Federal Rule of Civil Procedure 12(b)(3) provides that a motion to dismiss may be made on the basis of improper venue. In the Third Circuit, the burden of demonstrating improper venue is placed on the defendant. Manning v. Flannery, 2010 U.S. Dist. LEXIS 1091, *9 (E.D. Pa. 2010). In considering a motion to dismiss for improper venue, the court must generally accept as true the allegations in the pleadings, and must draw all reasonable inferences and resolve all factual conflicts in the plaintiff's favor. Id. at *9-10; see Myers v. Am. Dental Assoc., 695 F.2d 716, 724-25 (3d Cir. 1982) (establishing that the burden of proof of venue is on the defendant); Fellner ex. rel. Estate of Fellner v. Philadelpia Toboggan Coasters, Inc., 2005 U.S. Dist. LEXIS 23839, *4 (E.D. Pa. 2005) (citing Myers). The parties may submit affidavits in support of their positions, and may stipulate as to certain facts. Manning, 2010 U.S. Dist. LEXIS 1091, at *10 (citing Heft v. AAI Corp., 355 F. Supp. 2d 757, 762 (M.D. Pa. 2005)); Fellner, 2005 U.S. Dist. LEXIS 23839, at *4 ("The court may examine facts outside the complaint to determine proper venue.").*fn2 However, even when the court considers affidavits and other evidence outside the pleadings, "the plaintiff is entitled to rely on the allegations of the complaint absent evidentiary challenge," and the court must still resolve all factual conflicts and draw all reasonable inferences in the plaintiff's favor. Manning, 2010 U.S. Dist. LEXIS 1091, at *10 (citing Heft v. AAI Corp., 355 F. Supp. 2d at 762; ProModel Corp. v. Pierce Story, 2007 U.S. Dist. LEXIS 85567, *1 (E.D. Pa. 2007)).

IV. DISCUSSION

A. Venue

Title 28 U.S.C. § 1406(a) provides that, "[t]he district court of a district in which is filed a case laying venue in the wrong division or district shall dismiss or, if it be in the interest of justice, transfer such case to any district, or division in which it could have been brought." To determine proper venue, the Court must look to the relevant venue statute. Because this case is premised on diversity jurisdiction, the relevant statute is 28 U.S.C. § 1391(a), which provides:

A civil action wherein jurisdiction is founded only on diversity of citizenship may, except as otherwise provided by law, be brought only in (1) a judicial district where any defendant resides, if all defendants reside in the same State, (2) a judicial district in which a substantial part of the events or omissions giving rise to the claim occurred, or a substantial part of property that is the subject of the action is situated, or (3) a judicial district in which any defendant is subject to personal jurisdiction at the time the action is commenced, if there is no district in which the action may otherwise be brought.

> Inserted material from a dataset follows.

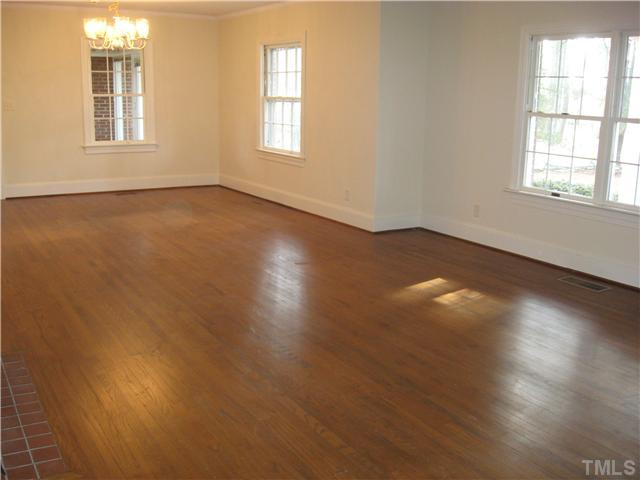 232-c C Cc Routh Road Bear Creek, NC 27207 - Photo 3 of 24 an empty room with wooden floor and windows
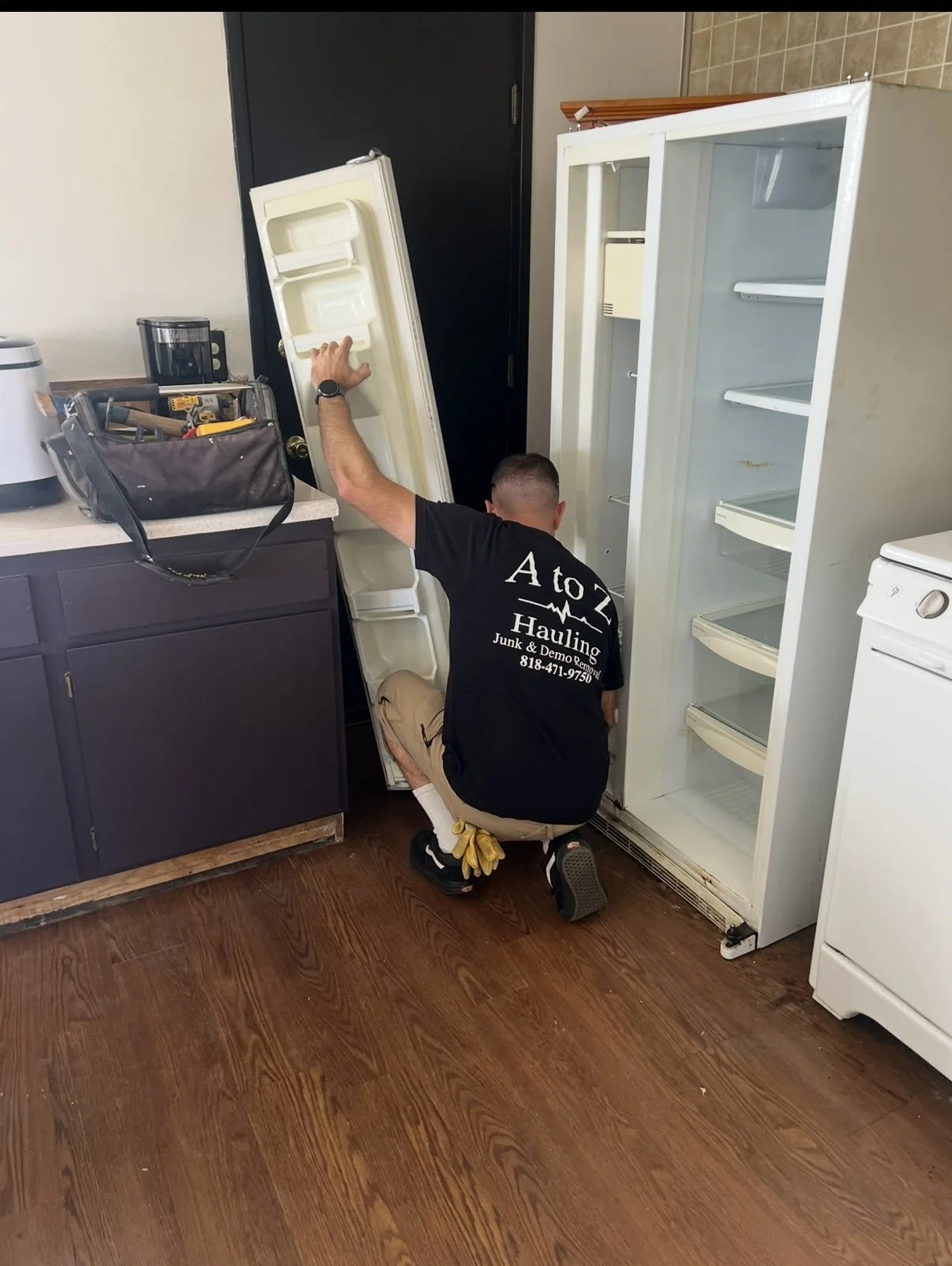 A to Z Hauling Junk Removal crew member removing a refrigerator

Plaintiff concedes that a substantial part of the events giving rise to the claim did not occur in the EDPA. (Doc. No. 6, at 5-6 (citing only to 28 U.S.C. § 1391(a)(1) as a basis for venue)). Rather, Plaintiff and Defendant agree that the events occurred in the Middle District of Pennsylvania. (Id.; Doc. No. 4, at 5). Accordingly, § 1391(a)(2) cannot serve as a basis for venue in the EDPA, but does serve as a basis for venue in the Middle District of Pennsylvania. Moreover, since there is a district in which the action may otherwise be brought, § 1391(a)(3) does not apply in this case.

Therefore, in order for the EDPA to be a proper venue, the Court must find that Defendant "resides" in this district as required by ยง 1391(a)(1). "Residence," for purposes of venue of a corporate ...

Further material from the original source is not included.